During the drive, I learned that Keith and Pierce each were arriving from trade conventions – Keith’s was in Phoenix while Pierce’s was in Nashville. We swapped stories about our respective lives, which turned out to be a fascinating process. For instance, Kevin thoroughly entertained us with a story that saw him attend the Indianapolis 500 during the late-1980s, thanks to a business associate. As an avid amateur photographer, he took his camera along. It turned out that he didn’t just have any ordinary ticket; he had one that allowed him to witness the race from the suite owned by Newman-Haas Racing, the brainchild of actor Paul Newman and longtime racer Carl Haas. Kevin didn’t get to meet the actor but he later learned that his pass also granted him access to pit road, from where he snapped several photos from Michael Andretti’s pit.
The drive also unearthed several interesting coincidences. First, Keith mentioned he had a desire to digitize his old photos but didn’t have the knowledge or the available equipment to follow through. It turned out Pierce knew someone who could help him with both issues, opening two doors that were previously closed. Also, Keith was affiliated with a youth sports team that needed uniforms and Pierce, being the owner of a sewing machine business, had intimate knowledge on how that task could be fulfilled.
Think about it: had we not been thrust together by unusual circumstances, it’s very likely that none of these issues would have ever surfaced. Sure, it might have happened had Kevin and Pierce sat next to each other on the plane but even then, they might not have spoken to each other because for many people, airplanes aren’t a natural setting for free-flowing conversation. Cars, on the other hand, are, especially when three strangers find themselves in a weird situation. I’ve learned over the years that long car trips are the perfect vehicle for expansive talks that unearth many previously unknown facts and this trip with Kevin and Pierce was just another example of that dynamic.
As Kevin predicted, we arrived at Allentown’s airport at 7:30. Pierce and I gave him cash for his trouble – as well as to finance a future dinner for him and his wife – after which we said our goodbyes and went our separate ways.
My next mission was to secure my own rental car and drive to the hotel in Bethlehem.
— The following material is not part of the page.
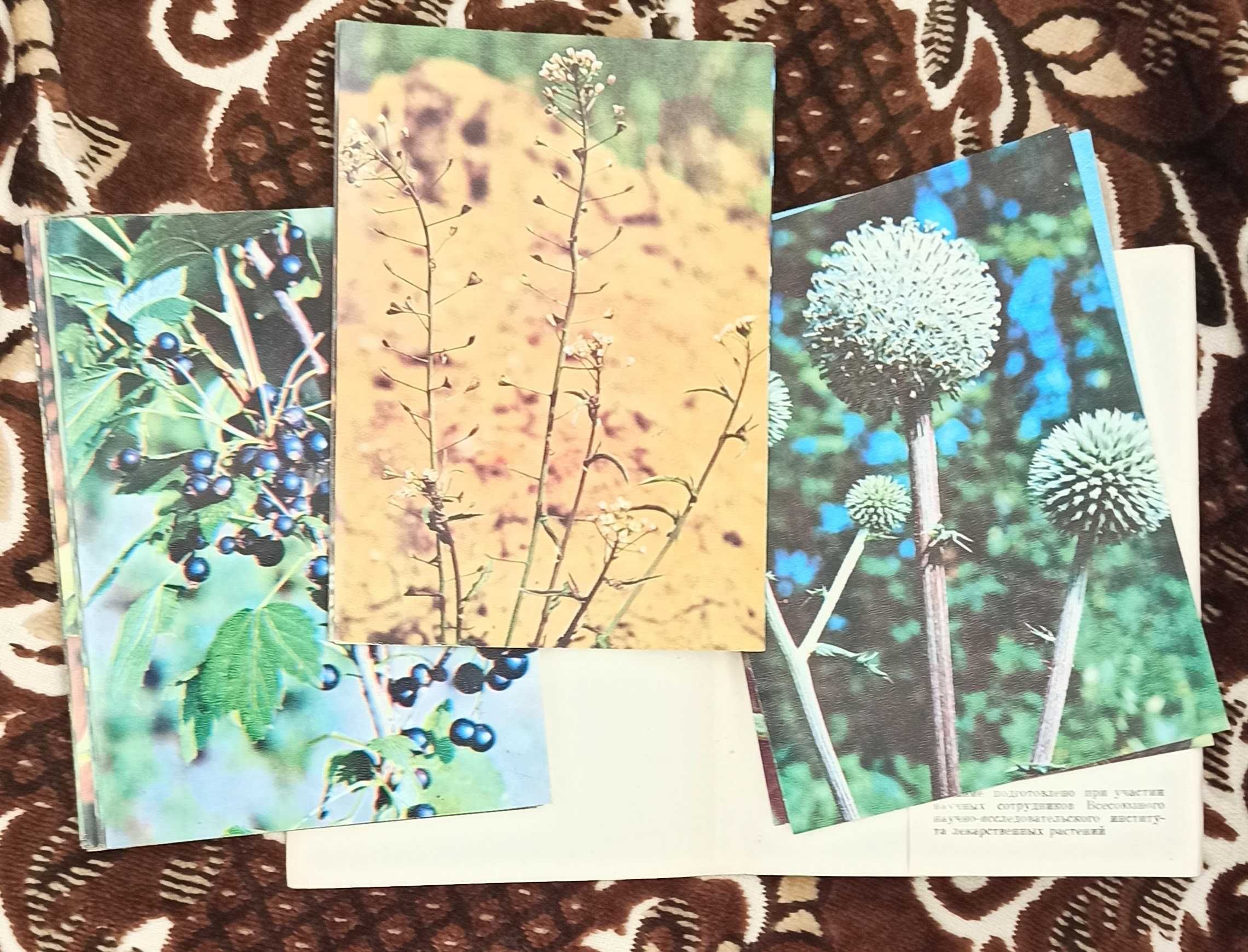 Набір листівок 1980 рік "Экскурсия в природу. Лекарственные растения"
The line at the rental counter was two people long, so I had time to update CompuBox president Bob Canobbio and his son, Nic. The process was delayed somewhat when the reservation had a Prius assigned to me, which, based on past experience, I knew I couldn’t drive. Once another car, a gray 2014 Elantra, was secured, I was on my way.
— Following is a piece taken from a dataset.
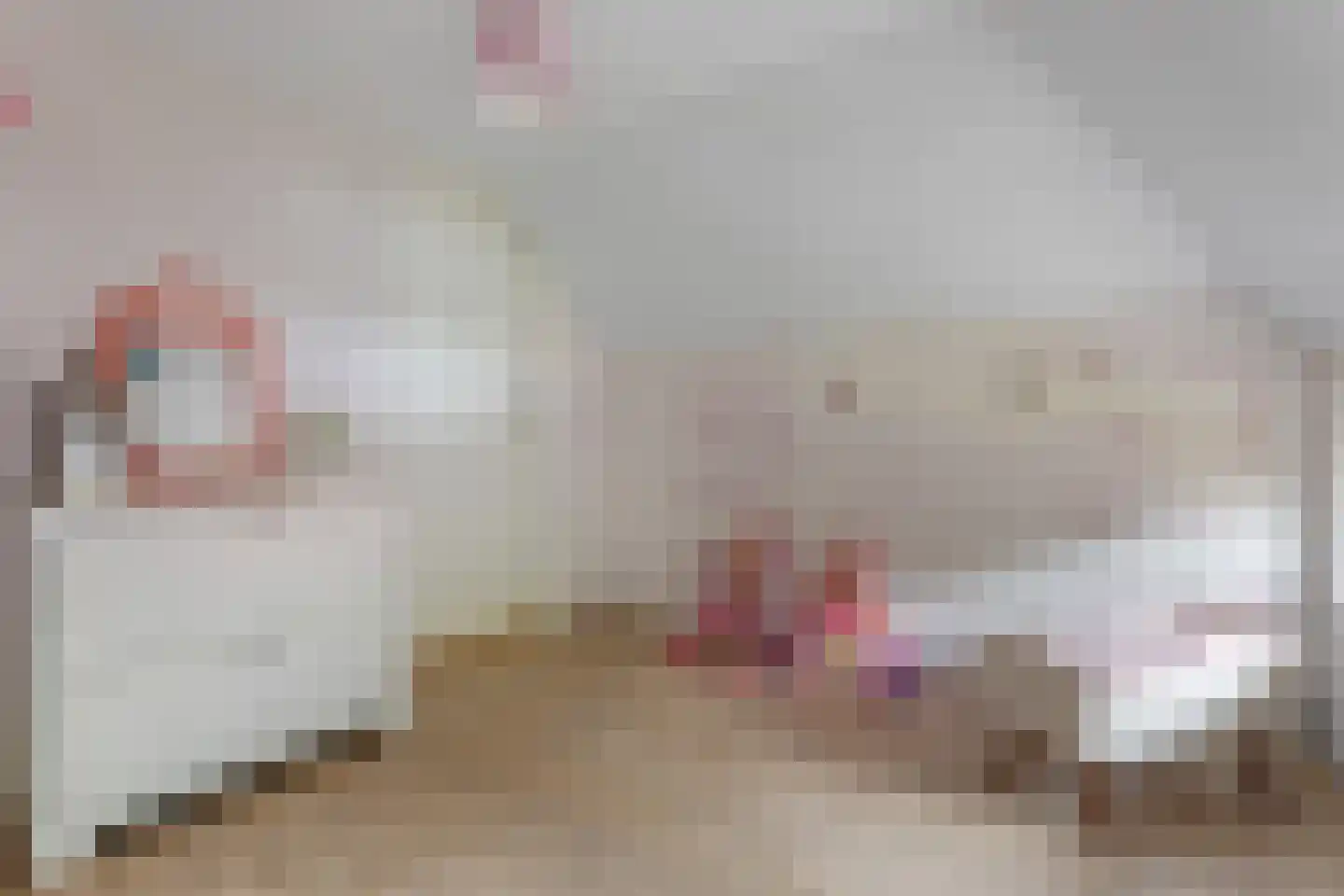 Beumeesweg 100 Alteveer thumbnail 25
The normally 12-minute drive was lengthened somewhat by several factors. First, my Magellan GPS caused me to go astray on one particular turn because the pink line that denotes the proper path indicated multiple roads. It turned out I took the “wrong” fork and thus had to make a legal U-turn. Second, I had some issues finding the hotel parking garage and, once I got there, spotting an empty space. Finally, once I achieved those objectives, I had to ask directions to the hotel registration desk because in order to get there, one had to first weave his way through a large casino area that lacked proper signage.
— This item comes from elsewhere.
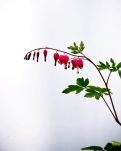 【星月·春】荷包牡丹（散文）
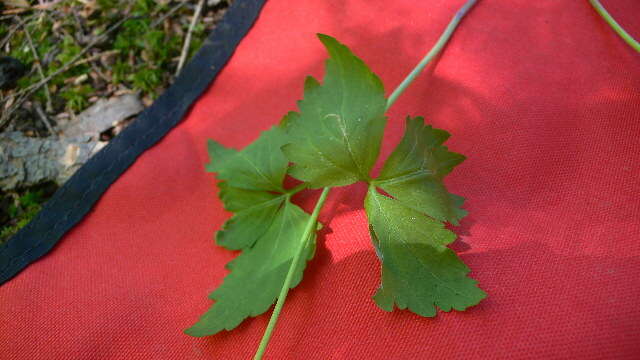 Image of dwarf red blackberry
I arrived in my room at 8:40 and as it turned out, the live tennis match between Milos Raonic and Feliciano Lopez (which was in the midst of a second-set tie-break) went into a third and deciding set, which pushed back the start of ESPN2’s “Friday Night Fights” broadcast by nearly 30 minutes. I was happy to see that I would get my full fight fix.
For me, the highlight of the broadcast wasn’t the 17-second blowout by Zhang Zhilei – which may arguably be the worst single fight FNF has aired in the series’ 16-year history – but rather the second fight between super middleweights Jason Escalera and Norbert Nemesapati that yielded particularly fascinating stats. After the 18-year-old Romanian rocked Escalera with a combination in round one (a round that saw Nemesapati outland Escalera 43-25), Escalera turned the tables in round two by unleashing 115 punches and outlanding Nemesapati, 46-15. From then on, Escalera issued a dreadful pounding to the youngster before winning an appropriately lopsided decision.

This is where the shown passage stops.